While the reflector 403 is shown as a single material in FIG. 4, the reflector 403 comprises one or more layers of one or more various materials. For example, the combiner or reflector 403 takes the form of a freeform thin shell that includes a partial mirror coating on a substrate such as on the eye-facing surface 409 of the substrate and an anti-reflection coating on the world-facing surface 410 of the substrate. Freeform for the reflector 403 refers to a curvature or contour along a first axis or orientation, a curvature or contour along a second axis or orientation, or along both the first and the second axes.

The polarization filter 404 also is shown as a single material in FIG. 4. However, the polarization filter 404 comprises one or more layers of one or more various materials according to various embodiments. For example, the filter 404 includes a curved or contoured base substrate such as a plastic or glass layer, a linear polarizer, a linearly polarizing reflective film, and a quarter-wave retarder film. The filter 404 generates circular polarized light from the display 402. The filter 404 reflects orthogonal circular polarized light after a first reflection from the reflector 403 and transmits circular polarized light after a second reflection from the reflector 403. The filter 404 is shown curved along a first directional axis. The filter 404 may be curved along a second directional axis to conform with the shape of a user's head. The filter 404 is a freeform surface. Freeform for the filter 404 as used herein includes a curved or contoured surface without a rotational symmetry along at least one or first axis or orientation of the filter 404 surface. The curvature also may be along a second axis or orientation of the filter 404.

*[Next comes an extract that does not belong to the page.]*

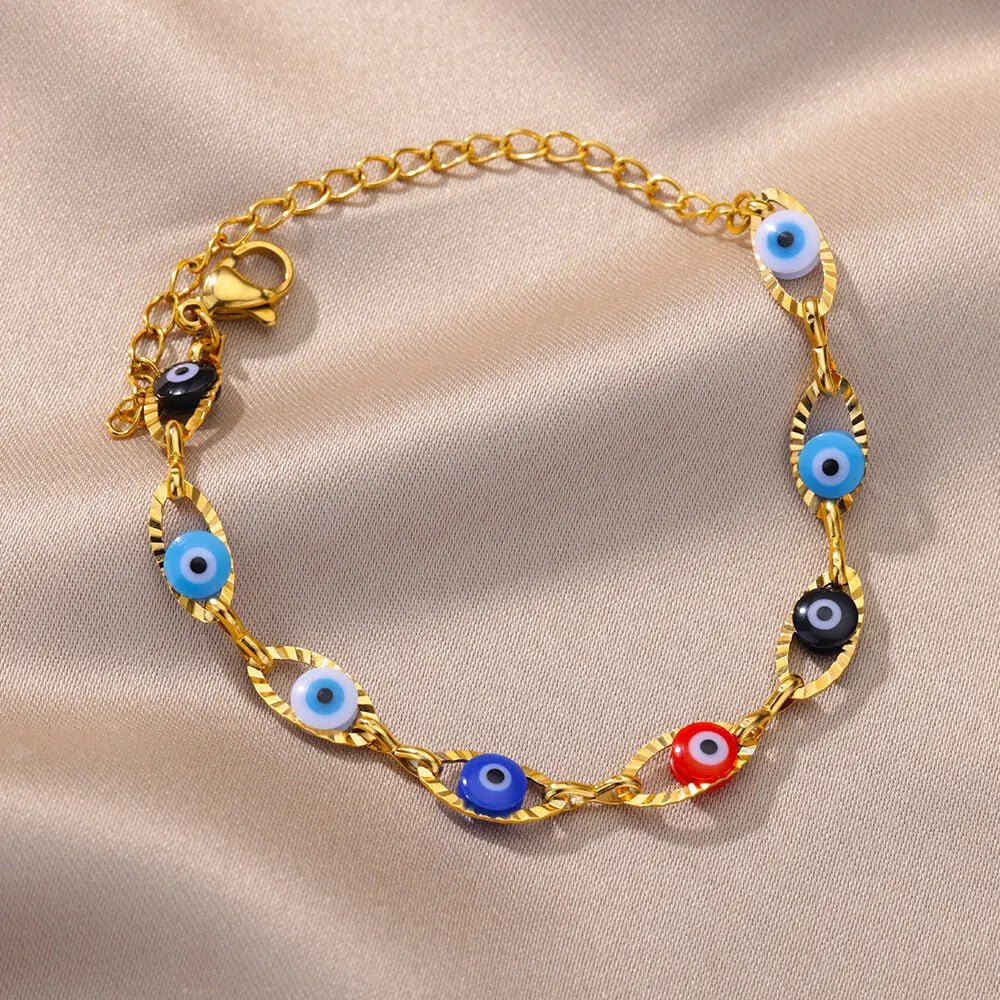 Gothic Rainbow Evil Eye Bracelets For Women Stainless Steel Gold Color Turkish Demon Chain Charm Bracelet Summer Beach Jewelry - Tara's Tiny Treasures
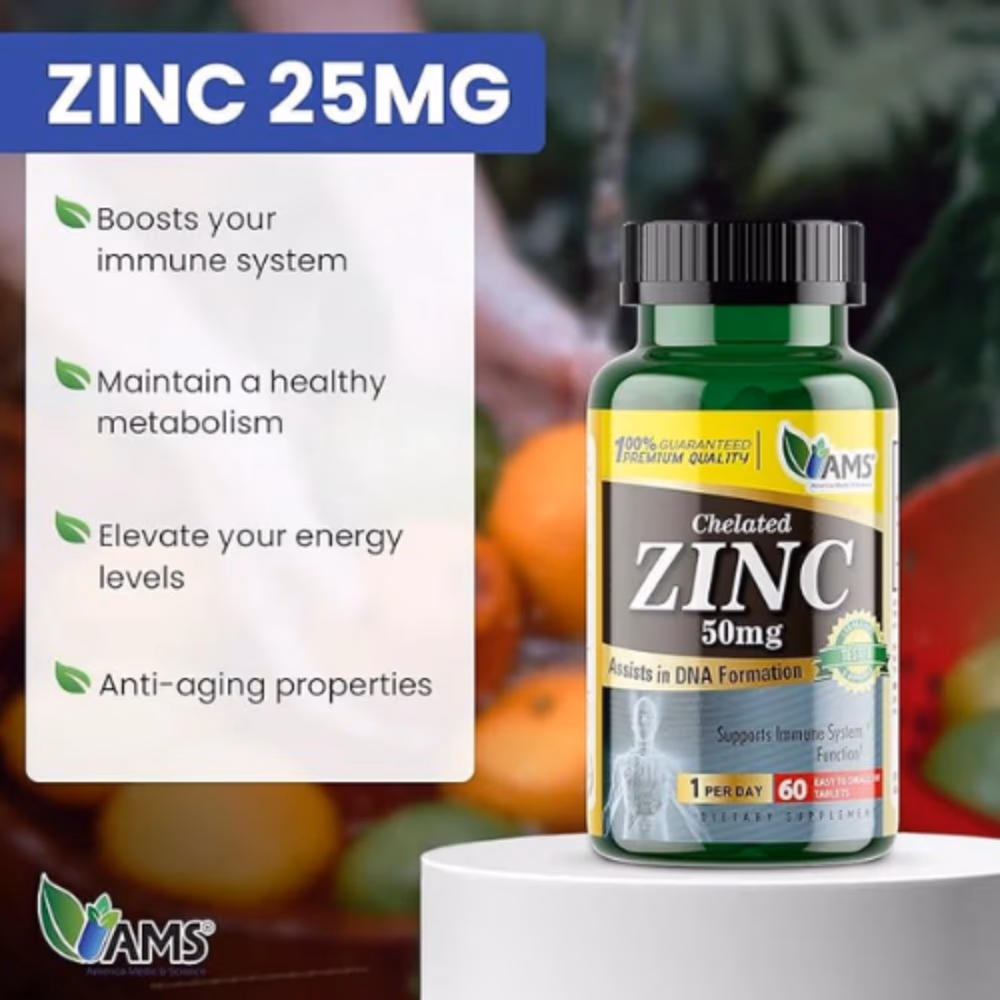 AMS Zinc 50mg Tablets – 60 Count 3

FIG. 5 is a diagram of a side view of another arrangement 500 of elements of a catadioptric HMD in accordance with various embodiments. Support elements are omitted for clarity of illustration and are present in assembled HMDs as understood by those in the art. In this arrangement 500, an electronic display 502 is positioned on an eye-side of a partially reflective reflector 503 and a world-facing side of a substantially planar partially reflective polarization filter 504. A pupil 301 of a user eye 105 receives light emitted from the display 502 after light has traveled along a light path associated with the HMD. The arrangement 500 includes a first circular polarization filter 513 positioned in the light path before light from the display 502 reaches the substantially planar partially reflective polarization filter 504. The eye 105 also receives at least a portion of the ambient light 201 that passes through the partially reflective reflector 503 and the filter 504 in AR embodiments. While illustrated with substantially co-extensive reflector 503 and filter 504, according to some embodiments, a distal end 509 of the partially reflective reflector 503 is shorter than and does not extend to a similar extent as a distal end of the partially reflective polarization filter 504. A shorter reflector 503 may be implemented to reduce a vertical aperture size of the reflector 503, so that an outer shell of the HMD ends before reaching the display 502.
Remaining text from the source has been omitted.